Israel reaches agreements with Egypt and Syria that lead to the establishment of demilitarized zones and a partial Israeli withdrawal. Arafat speaks at the U.N. while wearing a pistol, but says he is also "bearing an olive branch"; the P.L.O. is granted observer status in the General Assembly.

1977

Anwar Sadat, who had taken power in Egypt after Nasser's death, comes to Jerusalem and addresses the Israeli parliament.

1978

Menahem Begin, Jimmy Carter, and Anwar Sadat attending a military exhibition during the Camp David Summit, 1978 President Jimmy Carter hosts Sadat and Israeli Prime Minister Menachem Begin at Camp David, Maryland, producing a series of accords that lead to peace between the two states. In a March 1979 treaty, Egypt recognizes Israel's right to exist and Israel agrees to withdraw from the Sinai Peninsula.

1981

October 6: Anwar Sadat is assassinated by members of a militant Islamic organization opposed to Egypt's peace with Israel.

1982

June 6: Israel invades Lebanon, forcing the P.L.O. to relocate to Tunis. American troops will be stationed in Lebanon as peacekeepers late in the year. Israel will withdraw from the majority of Lebanese territory it has occupied by 1985, but it will hold onto a buffer strip until 2000.

1983

April 18: A suicide bomber destroys the U.S. Embassy in Beirut. Fifty-seven people are killed, including 17 Americans.

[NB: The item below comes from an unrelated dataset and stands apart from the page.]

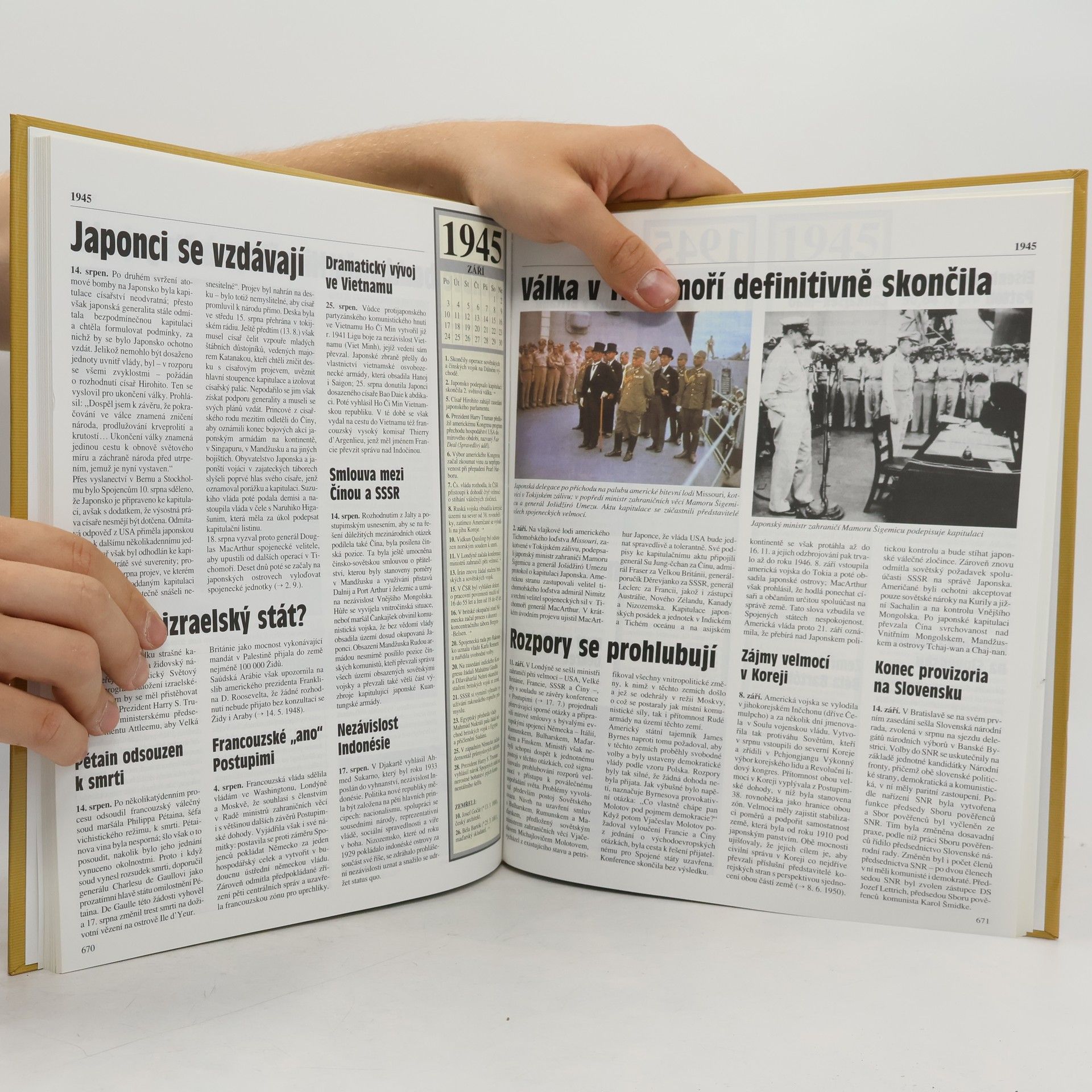 Autorenkollektiv Kronika 20. století 5. 1940-1949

October 23: A suicide bomber kills 241 U.S. Marines stationed in Beirut.

1987

December: The first Palestinian "intifada," or uprising, begins against Israeli troops in Gaza, soon spreading to the West Bank. Demonstrators throw stones and stage civil disobedience; by the time it ends in 1993, more than a thousand Palestinians will have died.

1988

The P.L.O. announces that it is the government in exile of a Palestinian state and recognizes Israel's right to exist. The U.S. begins discussions, but Israel refuses to participate.

1991

The first Gulf War results in the expulsion of Iraqi troops from Kuwait. The P.L.O., which had backed Iraq's invasion, is excluded from a U.S.-organized peace conference held in Madrid. Israel is pressured by the U.S. to attend.

1993

Portrait of President Bill Clinton President Bill Clinton supports the Oslo accords between the P.L.O. and Israel, which culminate in an agreement between Arafat and Israeli Prime Minister Yitzak Rabin and a historic handshake on the White House lawn. As part of the agreement, the P.L.O. renounces terrorism and Israel agrees to limited Palestinian sovereignty in parts of Gaza and the West Bank. Additional agreements will expand areas under Palestinian control in the coming years.

1994

Arafat, Rabin, and Israeli Foreign Minister Shimon Peres are awarded the Nobel Peace Prize.

1995

Rabin is assassinated by a right-wing Israeli law student.

1996

Arafat, who has been allowed to establish his headquarters in Gaza, is elected president of the Palestinian Authority. Over the next few years, the Palestinians and Israelis will attempt to build on the Oslo accords, but progress is hampered by violence from both sides.

2000

President Clinton tries, and fails, to engineer another Israeli-Palestinian agreement. A visit by Israeli opposition leader Ariel Sharon to the Temple Mount in Jerusalem sparks a second intifada. The coming years will feature both renewed bloodshed and halting steps towards Palestinian self-rule and eventual statehood.